Ben & Jerry's New Flavor Addresses The Controversial Chocolate Industry

In 2003, Dutch TV journalist Teun van de Keuken learned an uncomfortable truth. He read an article that explained that the modern cocoa industry relied on the labor of enslaved people. Horrified, Teun did some more research and discovered that not only are adults enslaved in the two largest cocoa-producing nations, Ghana and Côte d'Ivoire, but children are as well. Teun tried to publicize the appalling conditions for workers in the cocoa industry but failed to enlist many allies in his mission. In 2005, Teun produced his first chocolate bar, called Tony's (an Americanized version of his first name) Chocolonely. The bar was made with ethically sourced, traceable chocolate in an attempt to fight back at the exploitative industry.
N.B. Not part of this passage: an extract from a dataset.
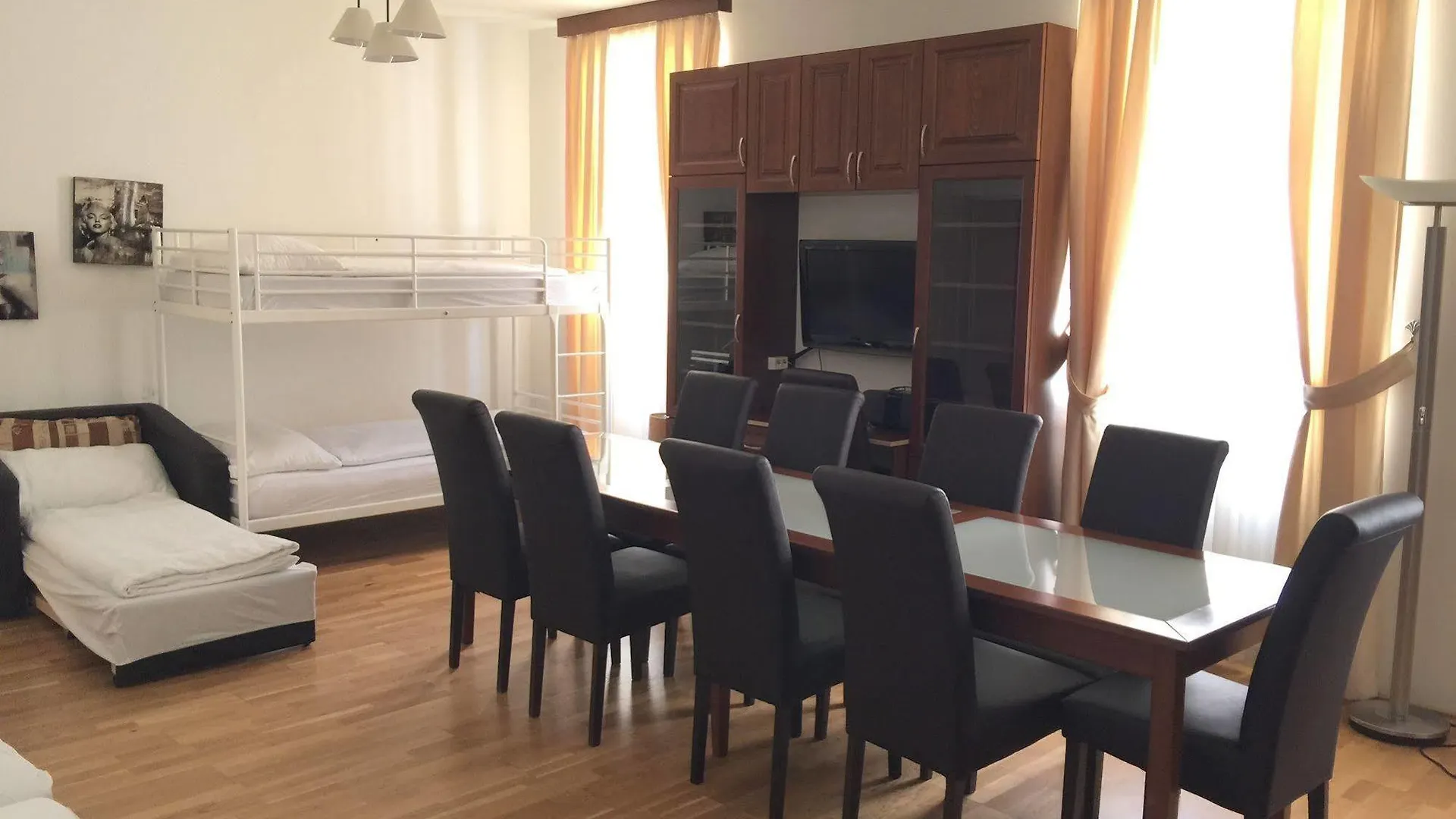 Waldmueller Apartments Vienna 3*,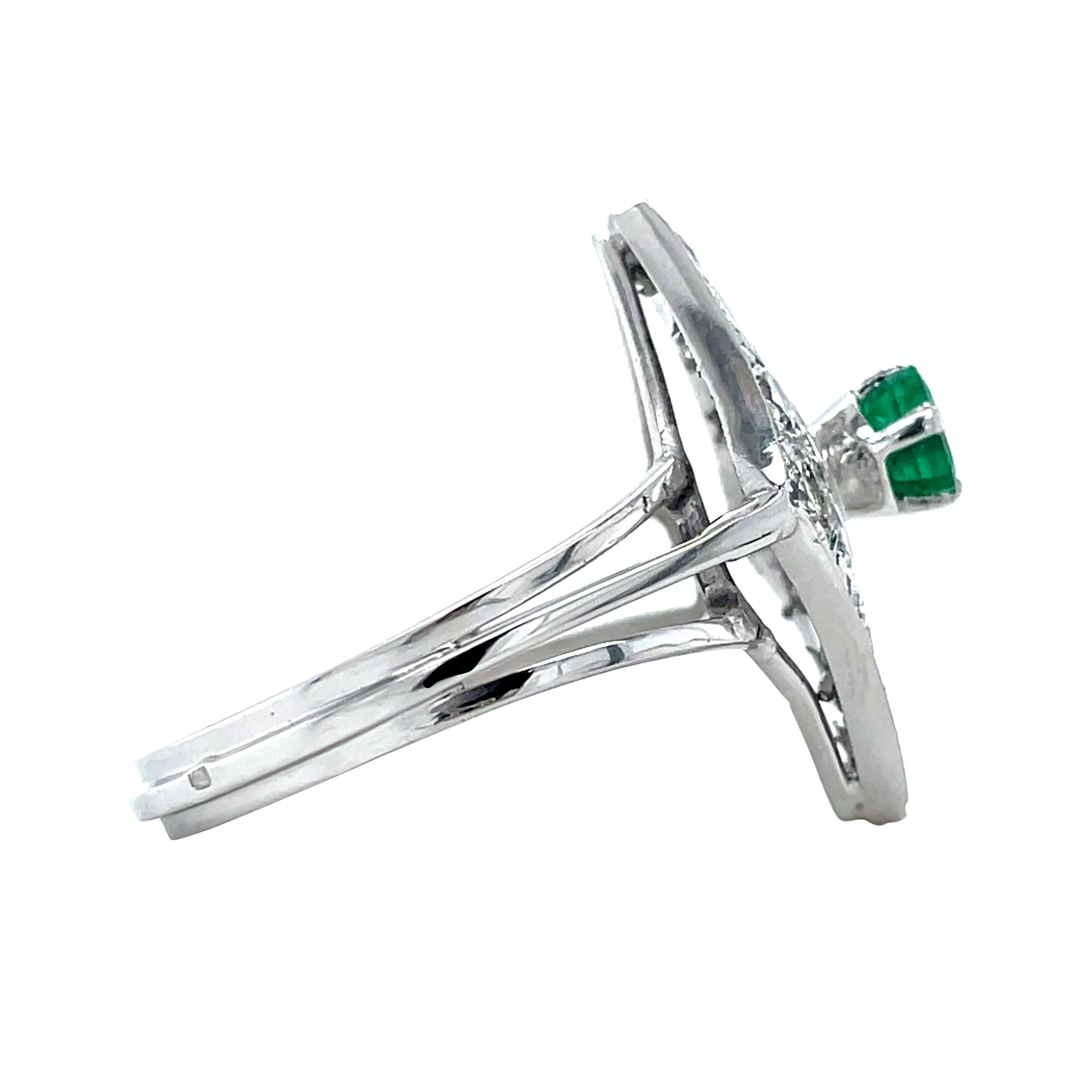 MidCentury Natural Emerald and 1.32 ctw Diamond Cocktail Ring, 18K White Gold In Good Condition For Sale In AMSTERDAM, NL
What does Tony's Chocolonely have to do with Vermont ice cream producers Ben & Jerry's? Ben & Jerry's has a long philanthropic history, from the establishment of the Ben & Jerry's Foundation in 1985 to affiliations with Farm Aid and the Children's Defense Fund. A joint venture between like-minded Tony's Chocolonely and Ben & Jerry's makes perfect sense.

Take a bite of Chocolatey Love A-Fair

Coming soon, a two-part foray into ending the practice of slavery in the cocoa industry. Ben & Jerry's is launching a new ice cream flavor called Chocolatey Love A-Fair, which they describe as "chocolate ice cream packed with salted caramel swirls, chunks of salted caramel, and Open Chain fudge chunks," produced with Tony's Chocolonely. In addition, two new Tony's chocolate bars will be released, one made with dark milk chocolate and crunchy brownie pieces and the other a white cheesecake-style chocolate bar with strawberries and crumbly cookies.

press release states that all the chocolate ingredients will be sourced using Tony's Open Chain, which is a supply chain initiative that helps other manufacturers source cocoa beans from ethical producers. Chocolatey Love A-Fair intends to raise awareness about the problem of enslaved people in the cocoa industry, and Ben & Jerry's plans to convert all its chocolate sourcing to the Open Chain model. The new releases of ice cream and chocolate bars are limited, which means if you don't get them upon release, you may have to visit them in the Flavor Graveyard.